Nobody on Wall Street expected profits. Tesla delivered on that calculation and then some this Wednesday reporting a loss of $293.2 million, about twice what analysts were expecting according to Thompson Reuters, with $1.27 billion in revenue for the quarter. Despite the losses, investors were relatively sanguine, with shares down less than 1% in after-hours trading.
The company is currently on a spending spree, emptying the bank to develop its Model 3 production line; build Gigafactory, a battery factory in the Nevada desert; and add an average of one new retail locations every four days. Musk promised exponential growth for its vehicle production toward the end of the year in order to hit Tesla’s target of 500,000 cars by 2018, shortly after the Model 3 is due to roll off assembly lines.
Tesla spent much of 2016 playing catch up on car manufacturing goals. Musk said he “burned out a few neurons” trying to hit those targets. “We were in production hell for the first six months of this year,” he said during an earnings call. ”Now the producing line is humming…I’m not losing sleep over production issues.”
Tesla manufactured a record 18,345 cars (all Model S or Model X) according to Wednesday’s announcement, up 18% over the previous quarter, with revenue climbing 33% for the quarter. But it only delivered about 14,400 of these (the rest are in transit). Tesla says it’s on track to hit its 2018 target, and expects to be making 2,200 vehicles per week (pdf) by the end of the next quarter and 2,400 by the end of the year.
Much of Wednesday’s discussion focused on corporate fiscal discipline. Tesla touted a reduction in labor hours per car, supplier discounts, more efficient factories, and quarterly capital expenditures falling about half of last year’s $400M. Musk said the company would be profitable, if it wasn’t for the financial efforts to get the Model 3 and Gigafactory off the ground.
The company is spending as fast money as it raises it. Its cash or cash equivalents are now at $3.25 billion, buoyed by the secondary stock offering of $1.7 billion this May and deposits on about 373,00 Model 3 orders. But Tesla expects to spend an additional $2.25 billion this year to support its accelerated production schedule.

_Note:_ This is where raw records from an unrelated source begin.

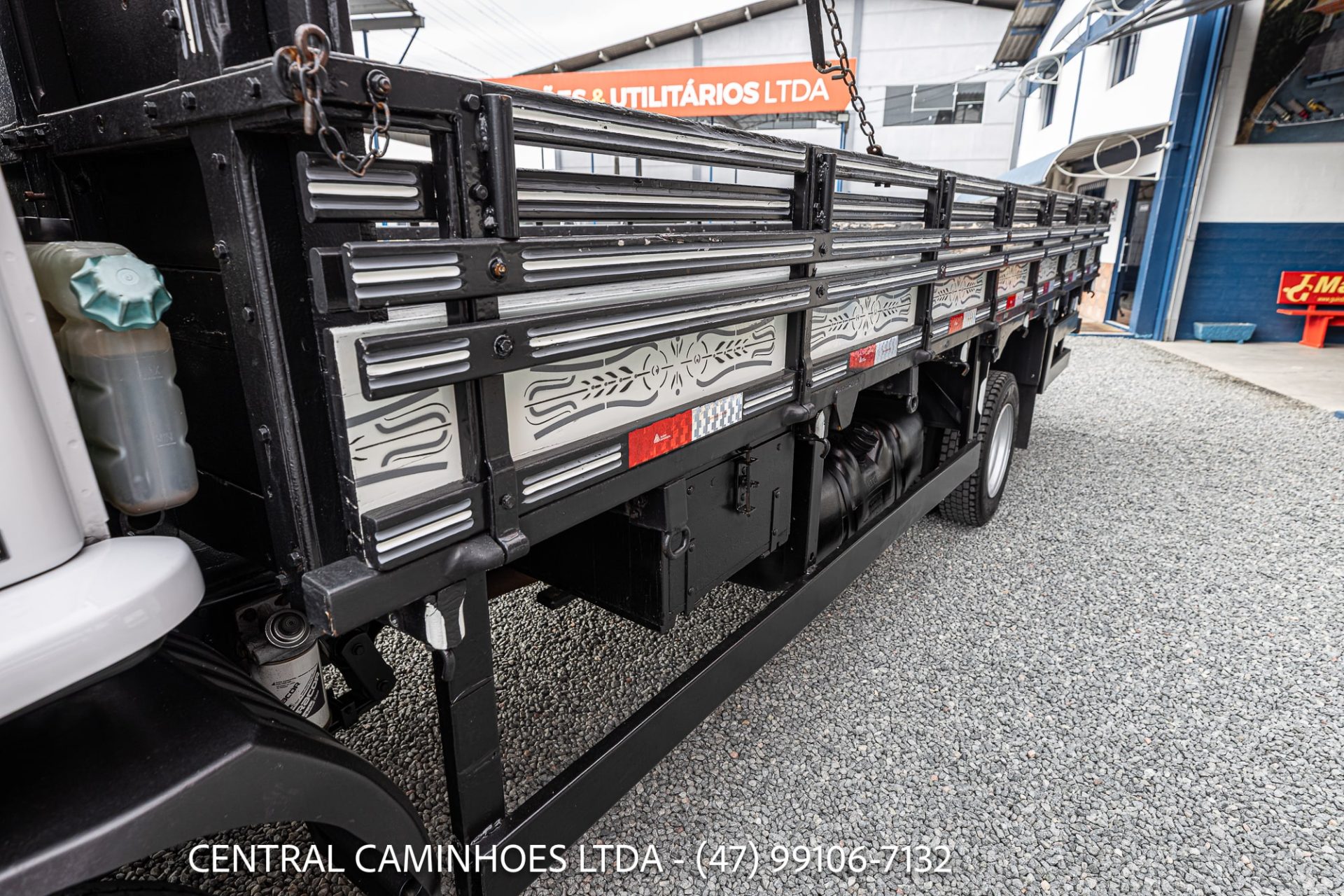 MB ACCELO 715C ANO 2006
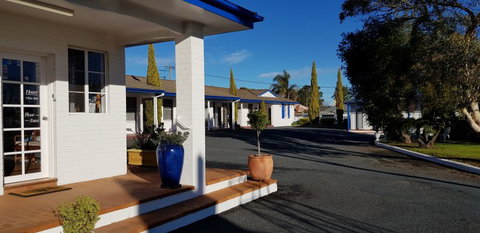 Colonial Motel - Accommodation Brisbane 0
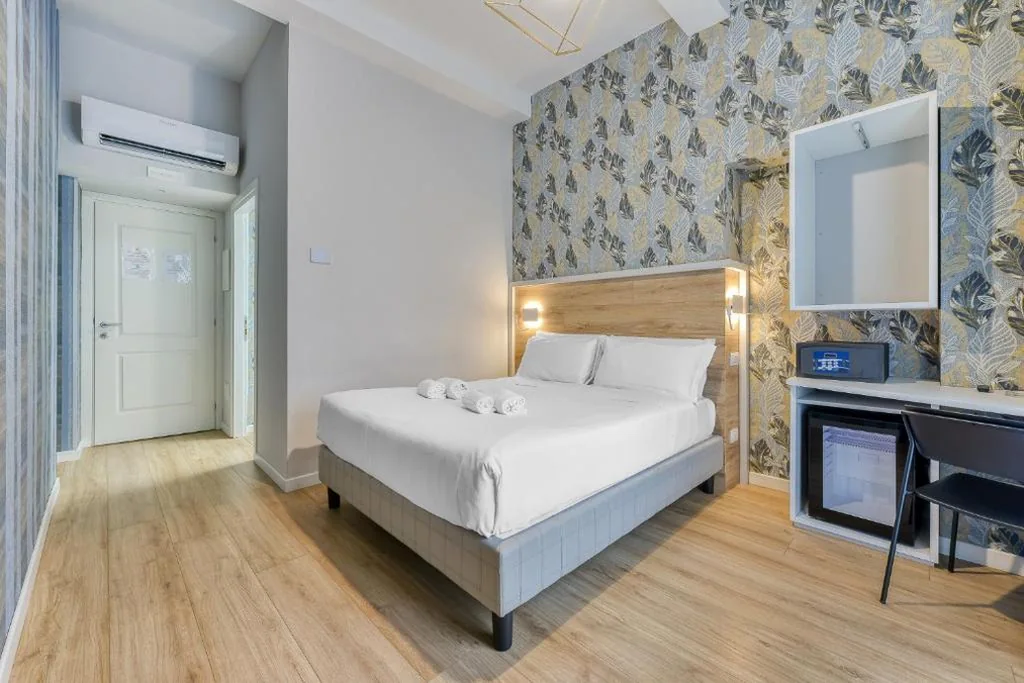 Camera Matrimoniale Deluxe — ROME’S GLORIA HOTEL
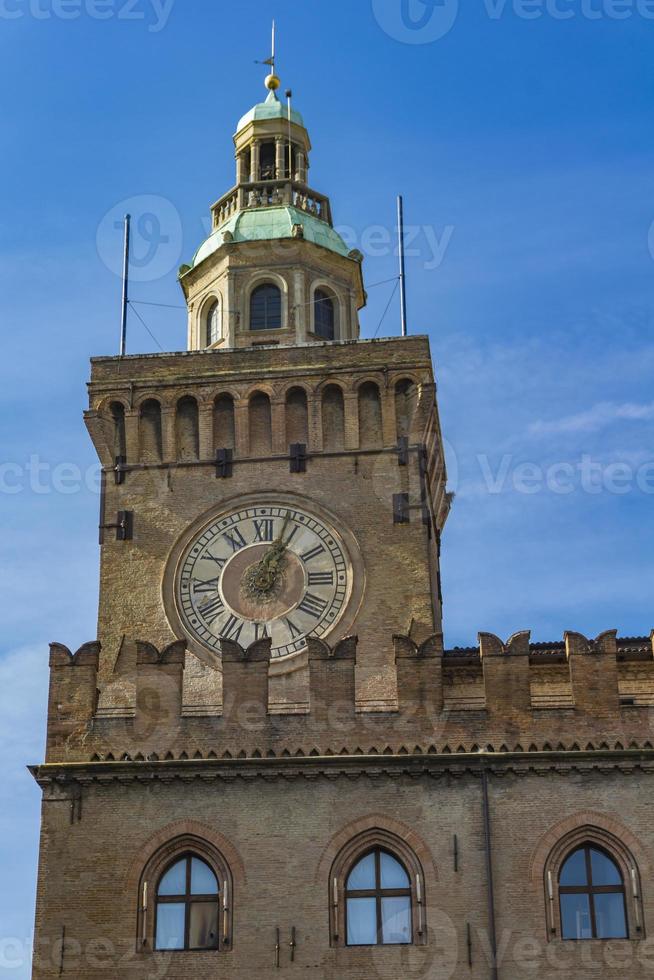 klokkentoren op palazzo comunale in bologna. Italië foto
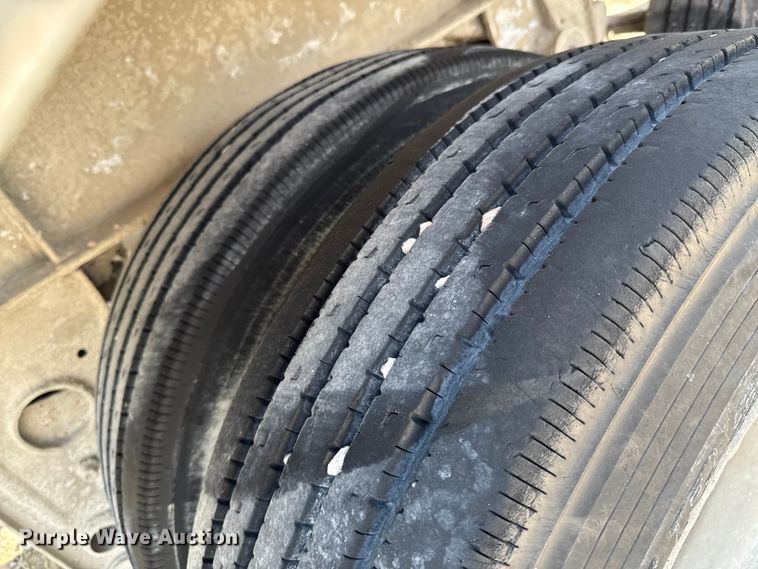 image for item DO0882 1981 Fruehauf pneumatic dry bulk trailer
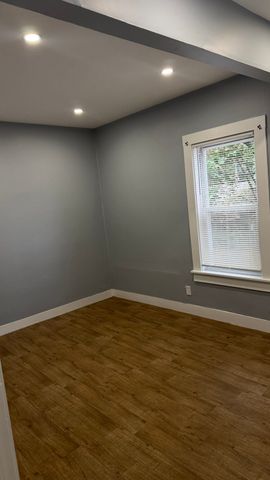 28 Elm Ave, Brockton, MA 02301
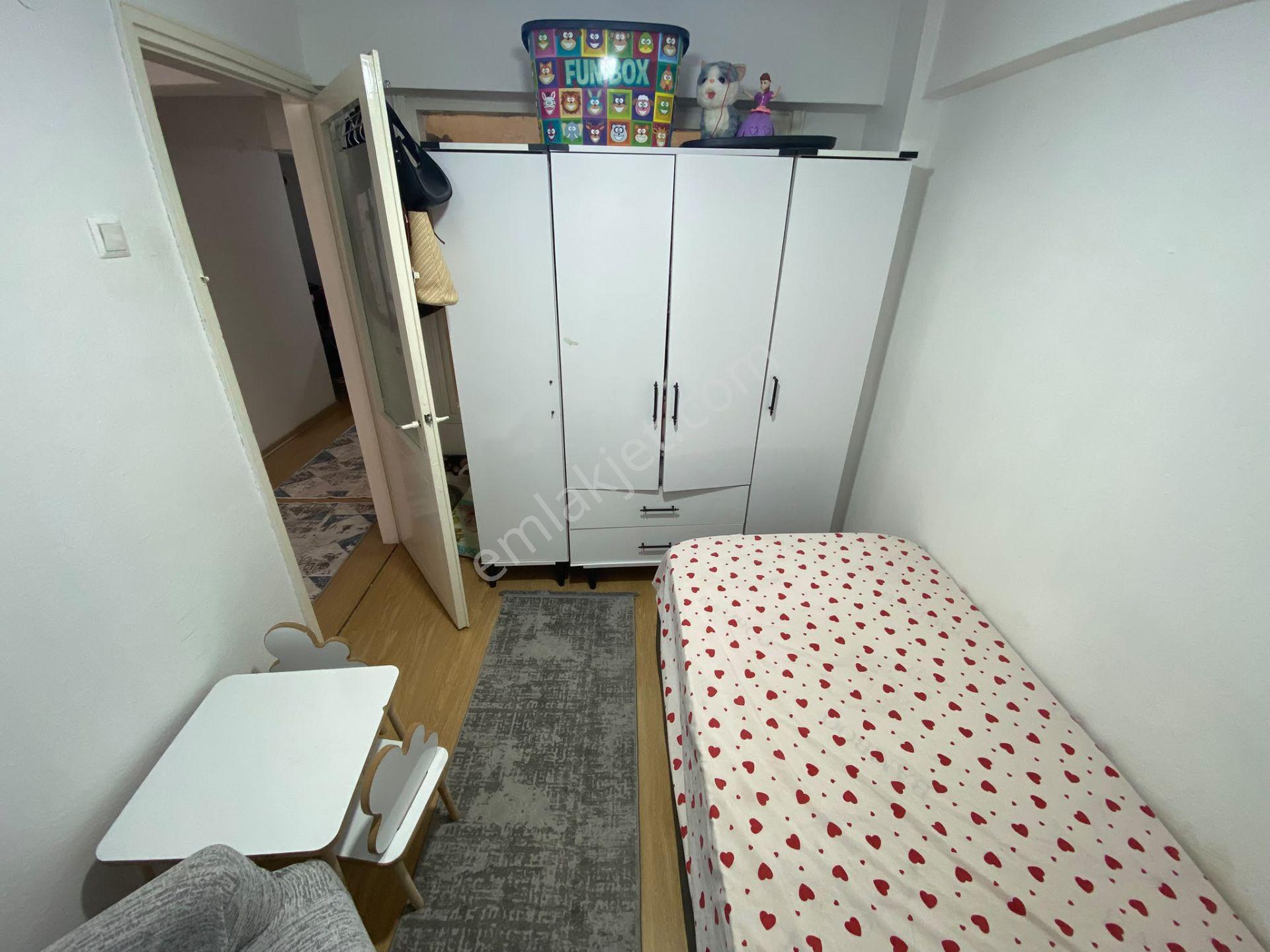 Acill Konak Zeytinlik Mah.de Kemer İzban İstasyonu Yakını 2+1 85m2 Ayrı Mutfak Arakat Satılık Daire — fotoğraf 12
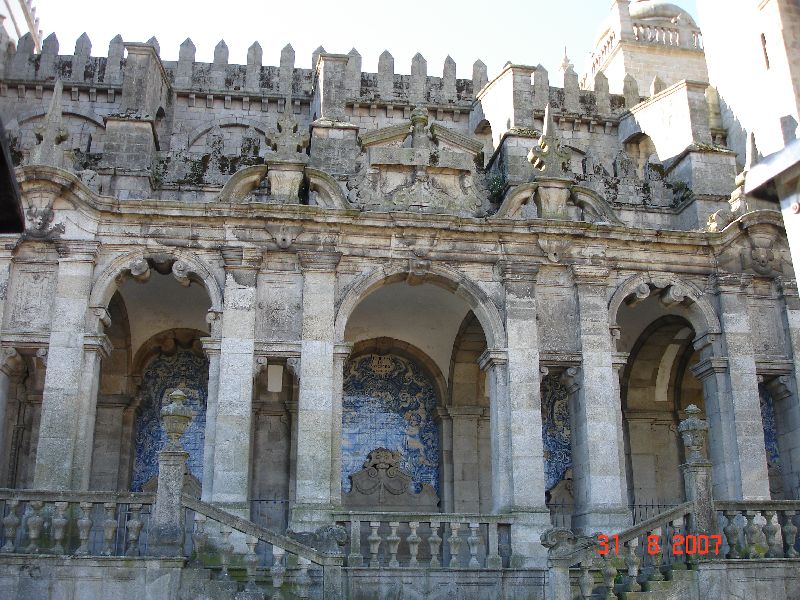 La cathédrale fortifiée, la Sé de Porto, Portugal.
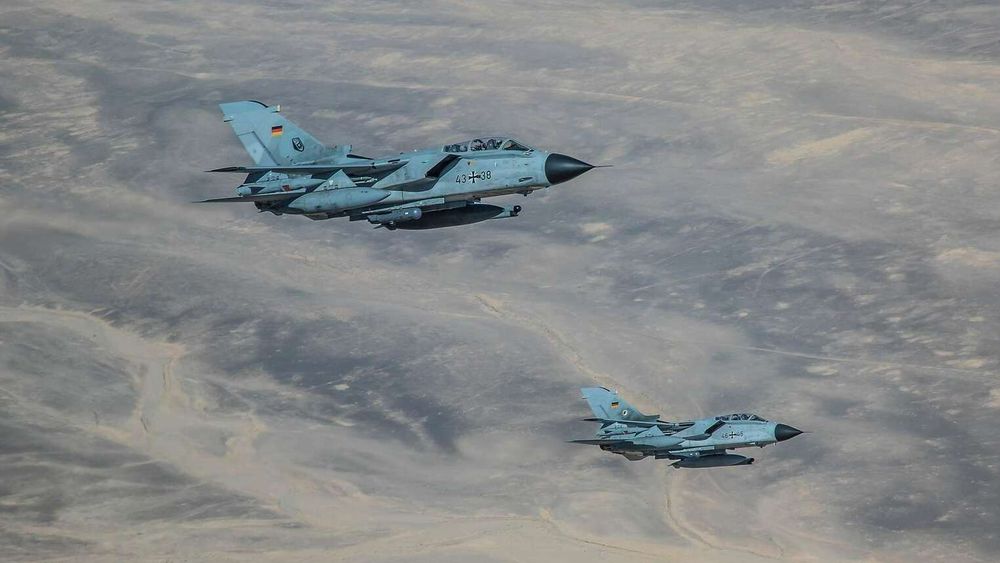 To tyske Tornadoer i formasjon over Syria/Irak i forbindelse med angrep mot IS-styrker.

The company has faced a litany of challenges this summer. In June, a Tesla Model S collided with a truck while Autopilot was engaged—the first recorded death in a semi-autonomous vehicle. The SEC is still investigating. Tesla has also been missing production targets, and analysts have generally been underwhelmed with its Solar City acquisition. But none of that seems to have mattered much for Tesla’s stock price. It’s down just 7% from its peak in the last year.